**WHAT IS REQUIRED**
Once the pictures are removed, restate the data below word for word.

● ● ● ● ● ● ●

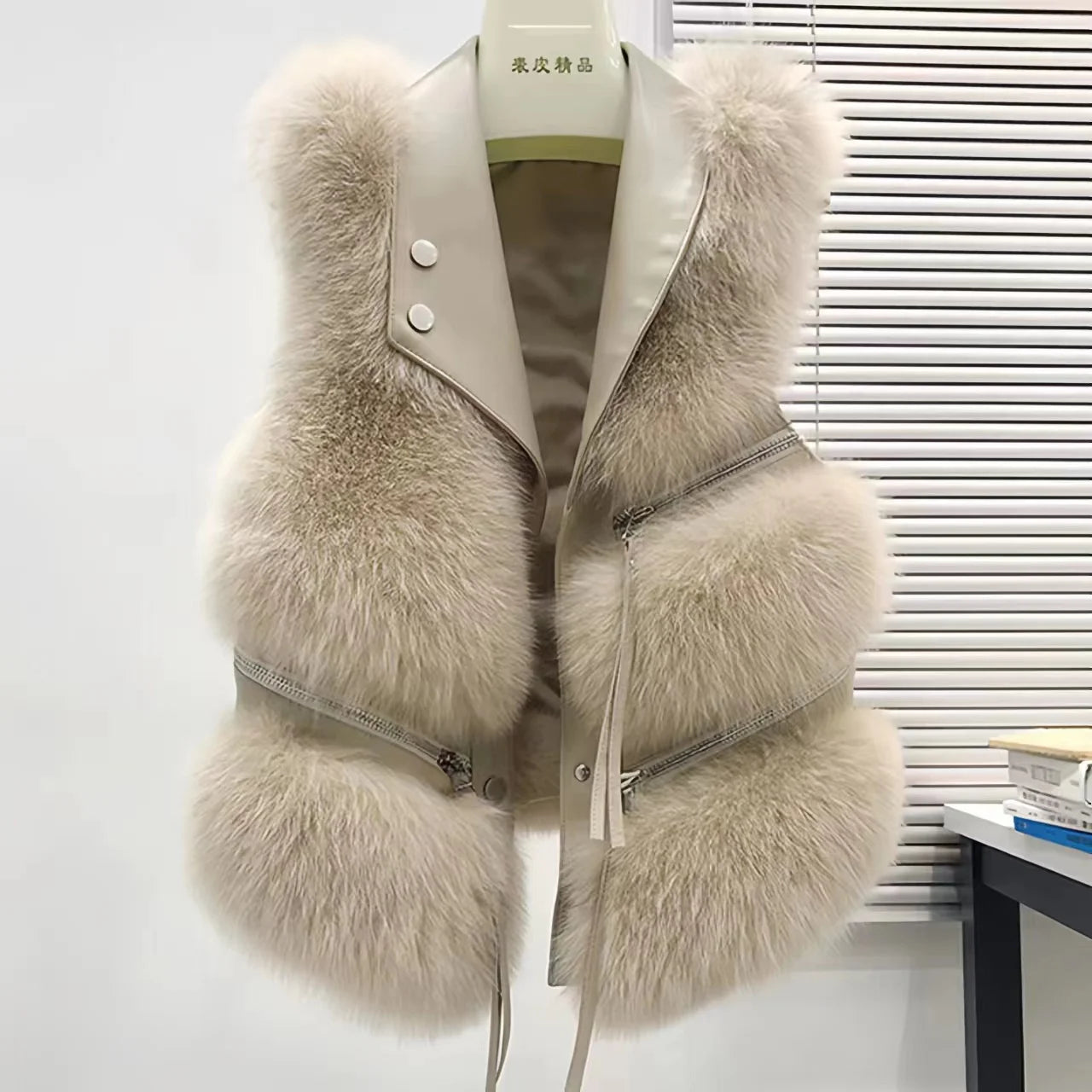 Faux Fur Waistcoat for Womens, Chic Splice Fox Coat Ladies Sleeveless Fur Vest Jacket, Slim Faux Fox Fur Outwear Vests, New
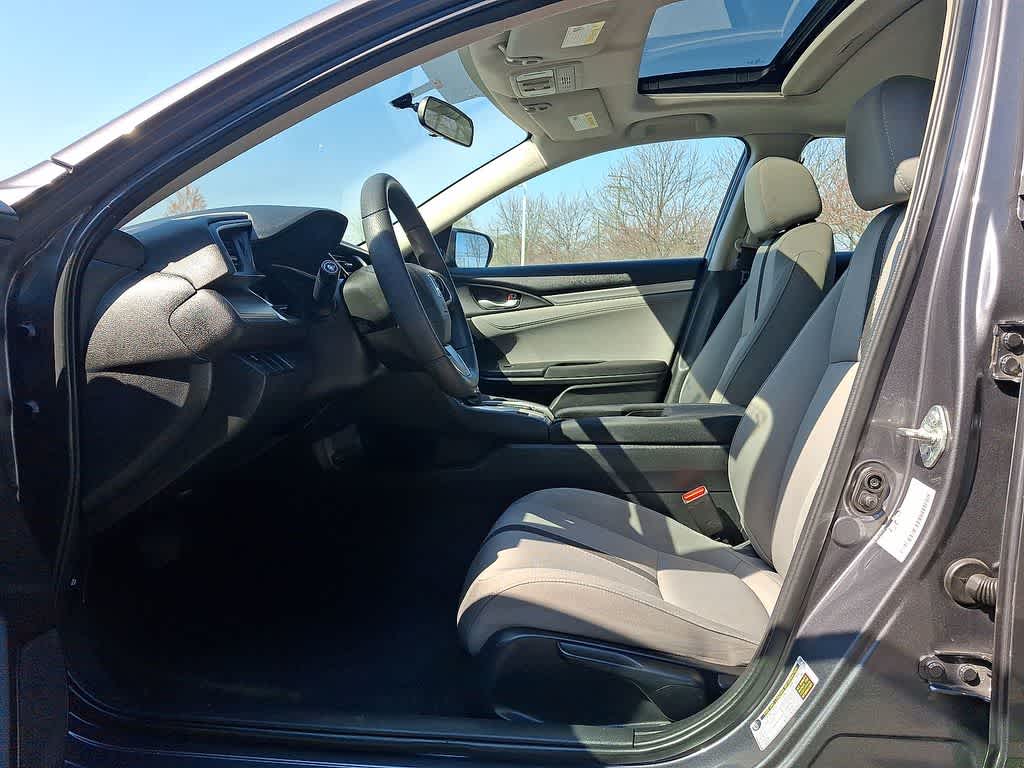 Thumbnail: 2016 Honda Civic - 11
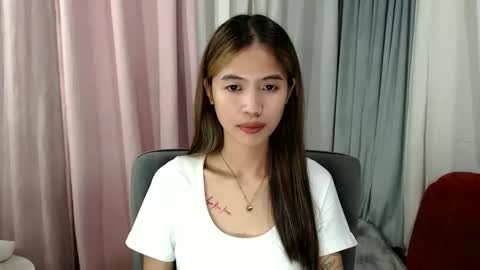 Snapshot of petite_jackyxx chatting on 05-16-26, 01:21 Jacky online show from 05-16-26, 01:21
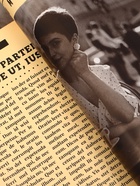 Плёнка флористическая «Газета любви», персиковый, 65 мкм, 50×57±1 см - Фото 2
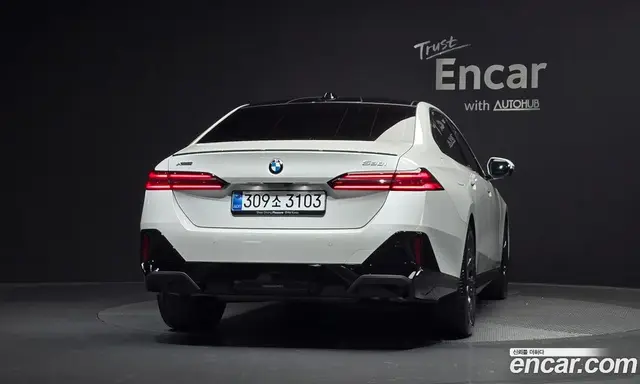BMW 5 серия 2025 2.0 автомат (гидро), миниатюра 4 BMW 5 серия 2025 2.0 автомат (гидро), миниатюра 4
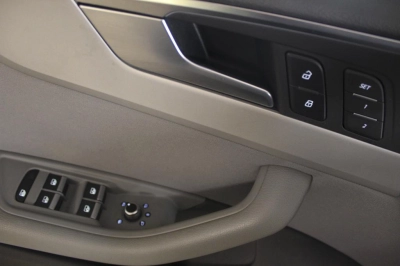 Audi A4 Avant - SE-U78876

● ● ● ● ● ● ●

**OUTPUT FOR THIS EXERCISE**
 Faux Fur Waistcoat for Womens, Chic Splice Fox Coat Ladies Sleeveless Fur Vest Jacket, Slim Faux Fox Fur Outwear Vests, New
 Thumbnail: 2016 Honda Civic - 11
 Snapshot of petite_jackyxx chatting on 05-16-26, 01:21 Jacky online show from 05-16-26, 01:21
 Плёнка флористическая «Газета любви», персиковый, 65 мкм, 50×57±1 см - Фото 2
BMW 5 серия 2025 2.0 автомат (гидро), миниатюра 4 BMW 5 серия 2025 2.0 автомат (гидро), миниатюра 4
 Audi A4 Avant - SE-U78876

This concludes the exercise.